* GOAL OF THE EXERCISE *
Give the entries again exactly; drop the pictures.

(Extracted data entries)
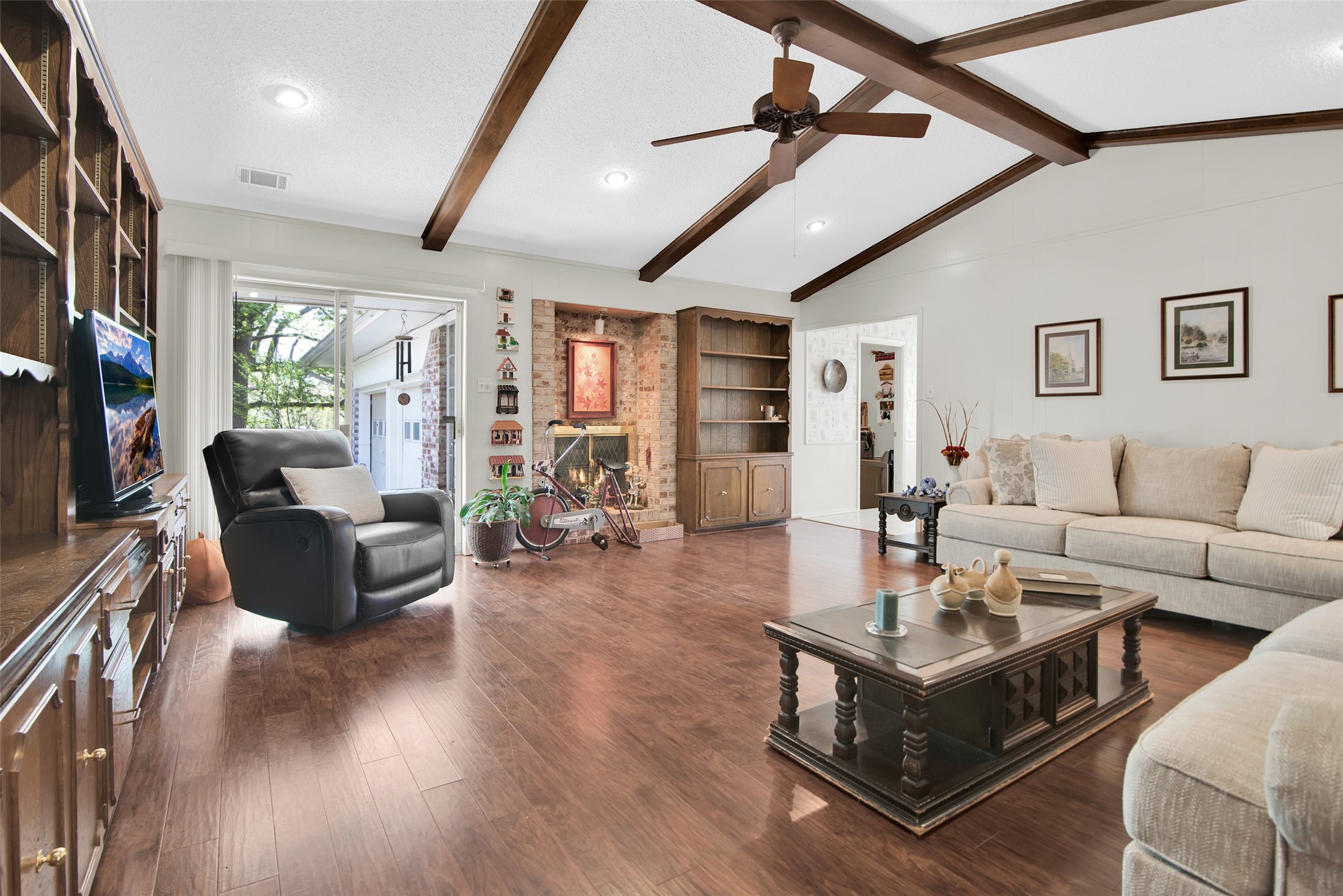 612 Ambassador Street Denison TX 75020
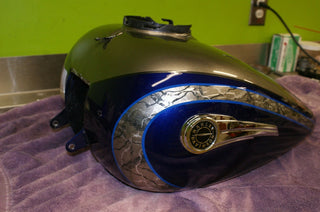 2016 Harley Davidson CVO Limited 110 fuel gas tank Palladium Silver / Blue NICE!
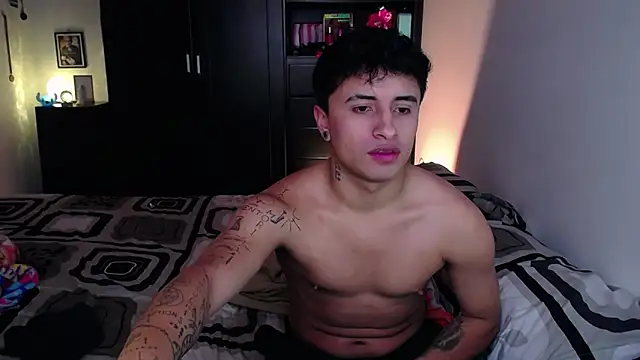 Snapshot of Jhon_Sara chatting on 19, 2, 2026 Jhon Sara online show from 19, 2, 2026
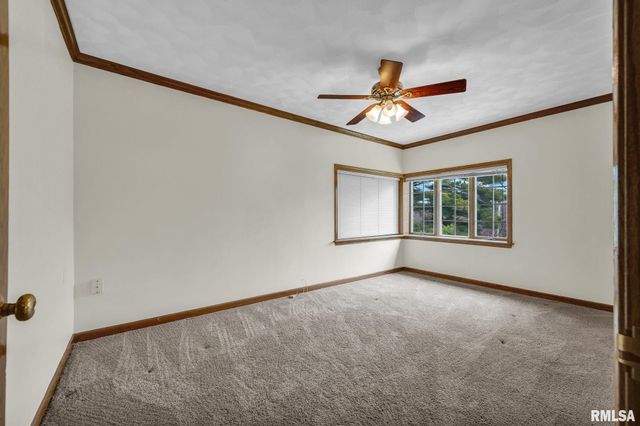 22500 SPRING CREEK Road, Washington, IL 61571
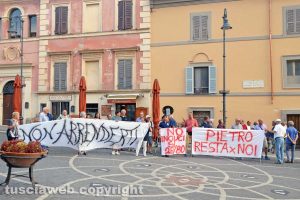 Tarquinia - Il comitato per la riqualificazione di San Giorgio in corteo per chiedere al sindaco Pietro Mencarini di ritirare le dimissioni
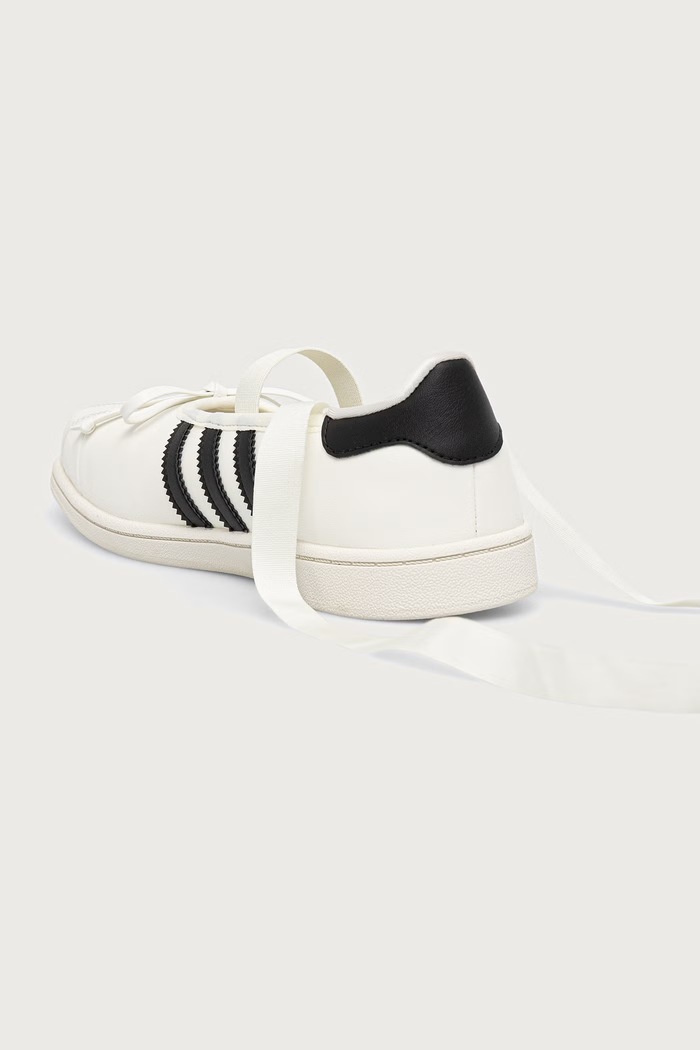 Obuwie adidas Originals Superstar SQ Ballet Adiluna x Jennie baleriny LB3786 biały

* TASK RESPONSE *
 612 Ambassador Street Denison TX 75020
 2016 Harley Davidson CVO Limited 110 fuel gas tank Palladium Silver / Blue NICE!
 Snapshot of Jhon_Sara chatting on 19, 2, 2026 Jhon Sara online show from 19, 2, 2026
 22500 SPRING CREEK Road, Washington, IL 61571
 Tarquinia - Il comitato per la riqualificazione di San Giorgio in corteo per chiedere al sindaco Pietro Mencarini di ritirare le dimissioni
 Obuwie adidas Originals Superstar SQ Ballet Adiluna x Jennie baleriny LB3786 biały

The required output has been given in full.